How to Review Poker Hands and Find Mistakes
A practical beginner-friendly framework for reviewing poker hands, finding mistakes, and turning one decision into a better study habit.
Poker improvement becomes much easier when you stop reviewing hands only by asking whether you won or lost the pot. A good hand review is not a search for emotional comfort. It is a structured way to understand the decision you faced, the information available at the table, and whether your action made sense against realistic ranges. Beginners often skip this structure and jump straight to the river result, but the most valuable mistakes usually happen earlier.
The first step is to write down the hand exactly as it happened. Include positions, stack sizes, blinds, hole cards, board cards, bet sizes, and every action on each street. If you leave out one of these details, your review becomes guesswork. A small preflop size, a shallow stack, or a different position can completely change the best decision. This is why a complete hand history matters so much for any serious review.
Once the hand is complete, identify the key decision point. Not every action deserves equal attention. Maybe the open raise was standard, the flop call was close, and the river decision was where the hand became expensive. Choose the moment where your expected value changed the most. This makes your review focused. Instead of trying to solve the entire hand at once, you are asking one clear question: what should I have done at this decision?

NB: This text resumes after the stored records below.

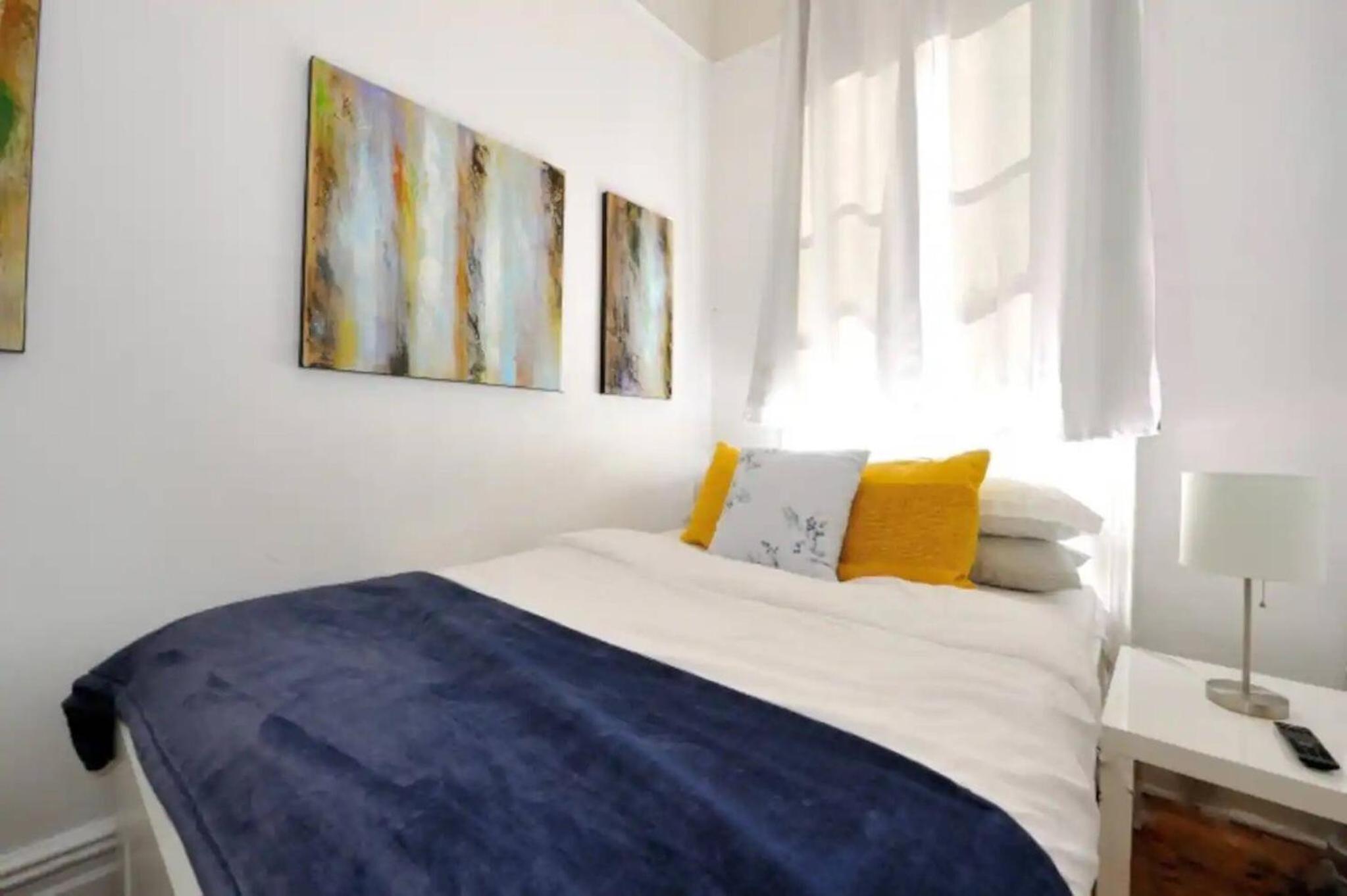 Ideal 3br Near Times Square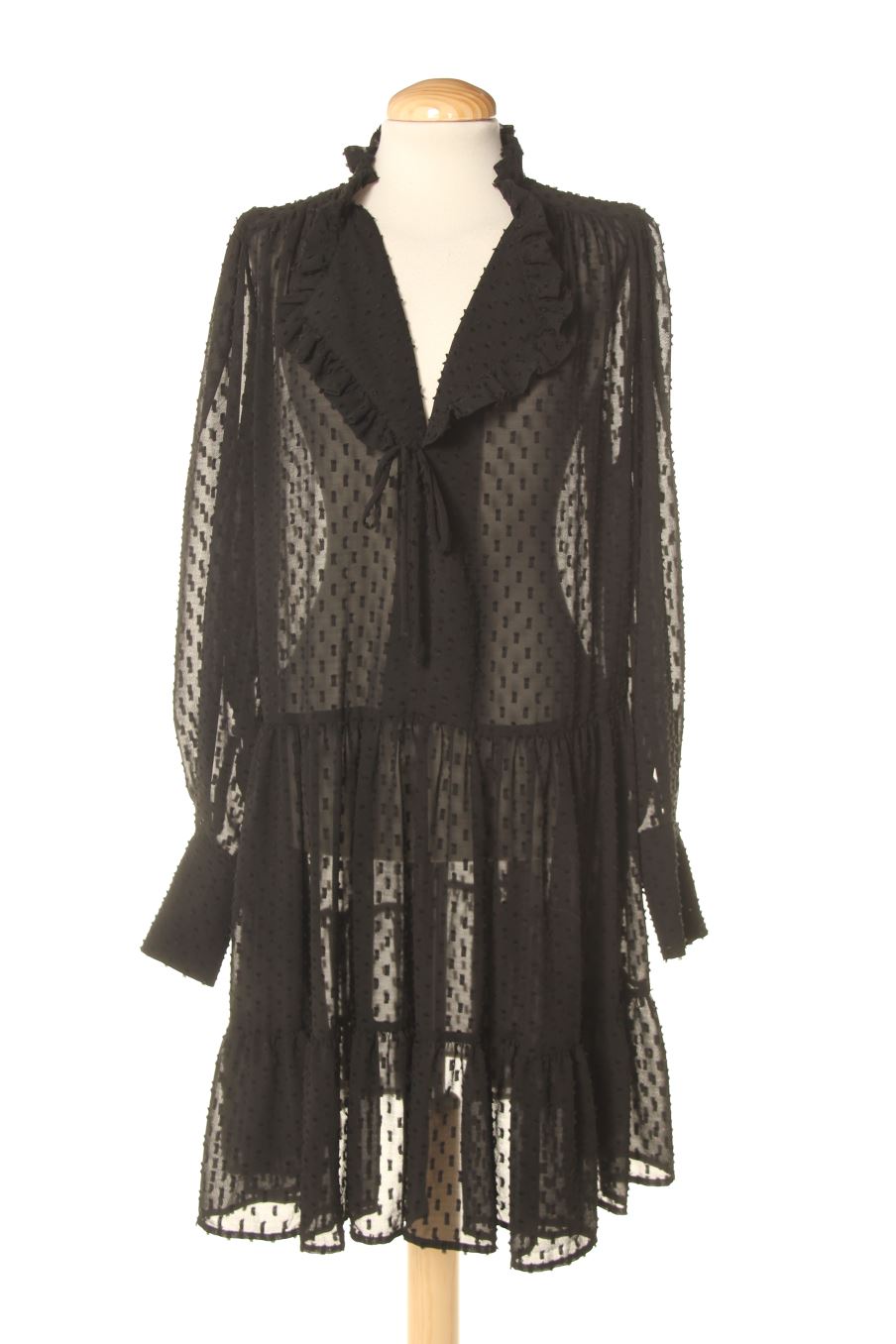 Vestido casual de H&M de la talla 40, de color negro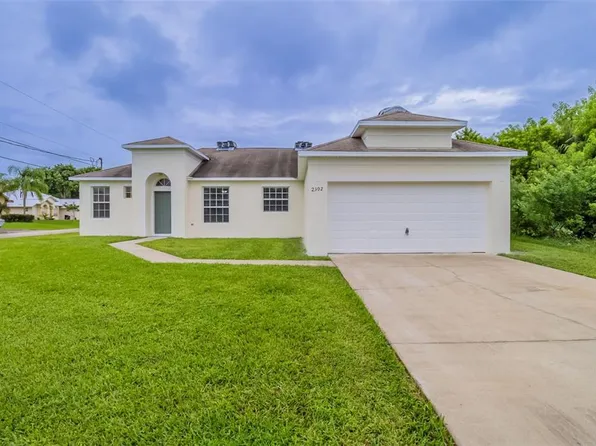 2302 SW Webster Ln, Port Saint Lucie, FL 34953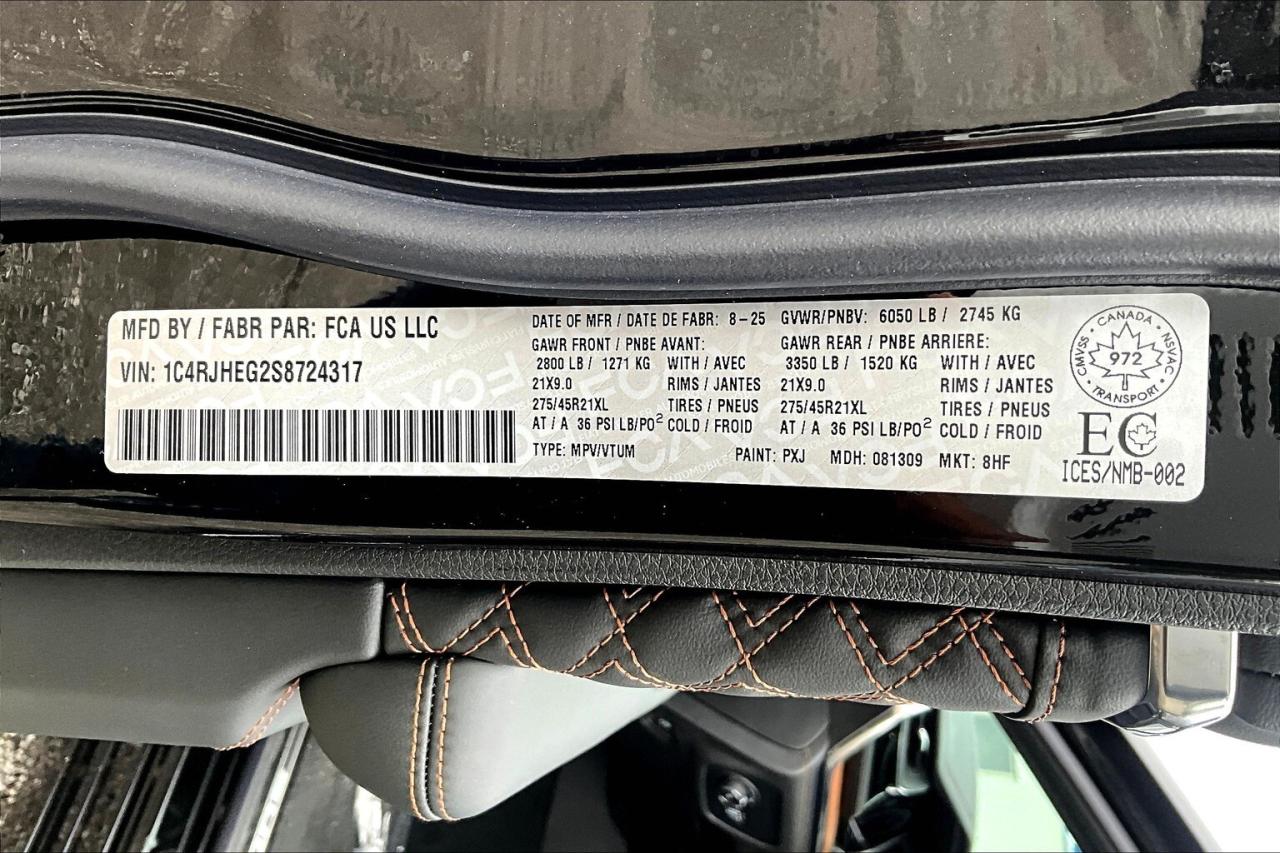 2025 Jeep Grand Cherokee SUMMIT  RESERVE | Lux Tech 5 | Adv Pro Tech 4 | Photo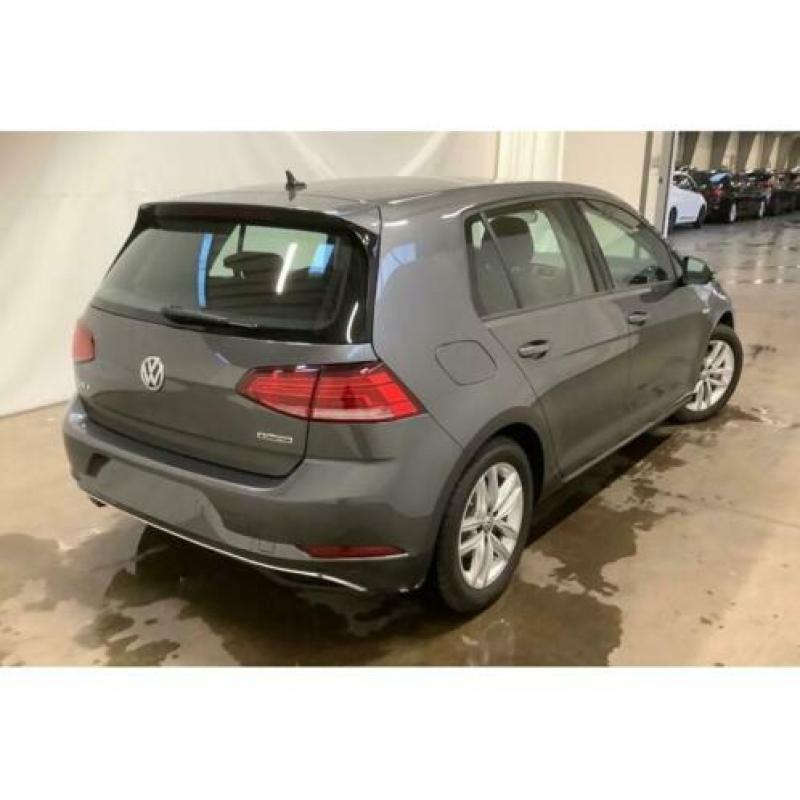 Volkswagen Golf 1.5 TSI DSG COMFORTLINE ADAPT.CRUISE ECC PDC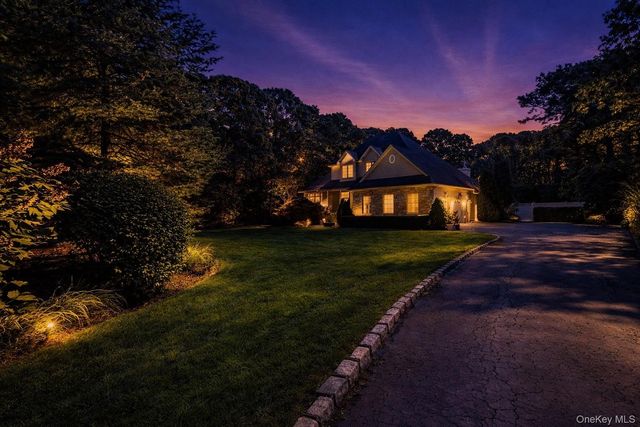 21 E Moriches Riverhead Road, East Moriches, NY 11940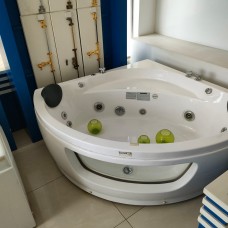 Full massage bathtub size 135*135*53 centimeter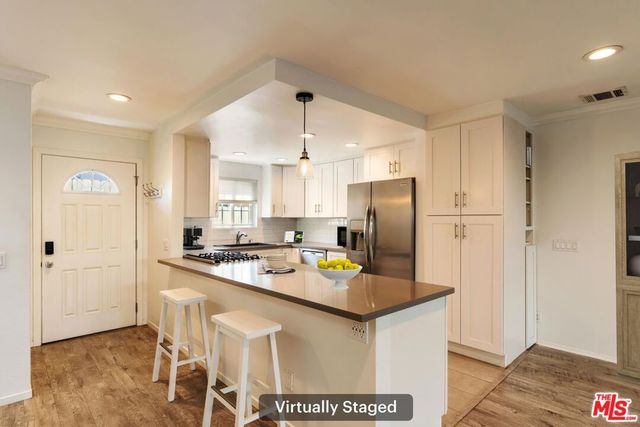 1837 11th Street 3, Santa Monica, CA 90404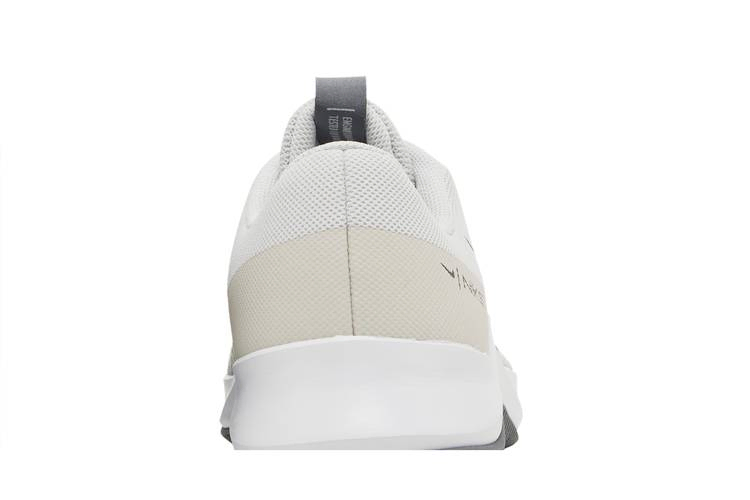 Кроссовки Nike MC Trainer 2 'Photon Dust Anthracite'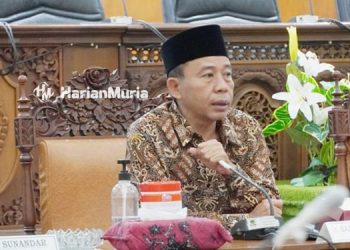Ketua komisi A DPRD Pati, Bambang Susilo. (Arif/Harianmuria.com)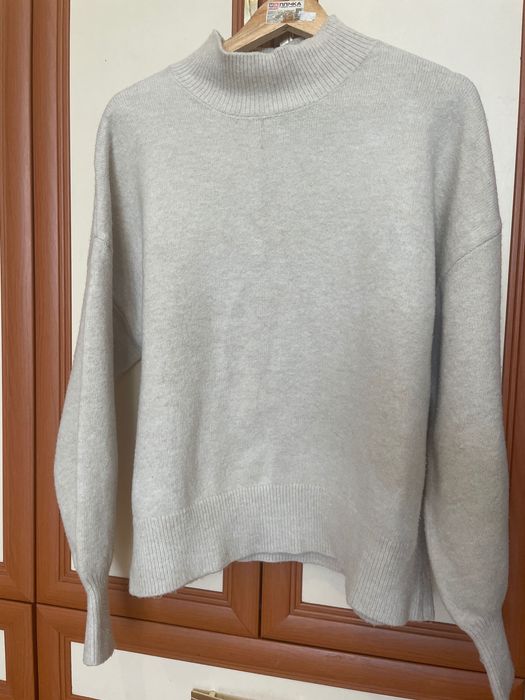 Светер жіночій reserved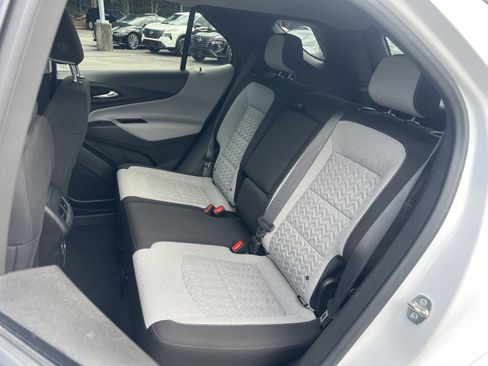 Used 2024 Chevrolet Equinox LS w/ LS Convenience Package FWD image 16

Next, define the ranges before you judge the action. Your hand is only one part of the puzzle. Ask what hands you can reasonably have, what hands your opponent can reasonably have, and how the board interacts with both ranges. If you are in position after raising preflop, you may have more strong overpairs and broadway hands. If the big blind defended, they may have more low pairs, suited connectors, and mixed draws. Range thinking turns a vague feeling into a useful comparison.
Bet sizing is another place where many poker players find hidden leaks. A call may be fine against a small bet but bad against a large polar bet. A bluff may be good with a half-pot size but wasteful with an overbet if your opponent rarely folds that part of range. When reviewing, always write the size as a fraction of the pot. This helps you separate the decision from the emotion of the dollar amount.
Review one hand while the lesson is fresh
Kevixo turns a complete hand history into a coaching report with a key lesson, better decision, leak, and five-minute homework.
Try Kevixo AI Hand ReviewThe board texture should guide your review. Dry boards, connected boards, paired boards, and boards with completed flushes all change incentives. On a dry ace-high flop, the preflop raiser may have a natural advantage. On a coordinated board like ten-nine-eight with a flush draw, many hands have equity and protection becomes more important. A useful review explains how the texture affects value betting, bluffing, checking, and calling.
After ranges and board texture, ask what your action was trying to accomplish. A bet should usually get called by worse hands, fold out better hands, deny equity, or set up later streets. A call should be based on pot odds, blockers, implied odds, and opponent tendencies. A check should protect a range, realize equity, or avoid building a pot with a marginal hand. If you cannot explain the purpose of your action, that is often the leak.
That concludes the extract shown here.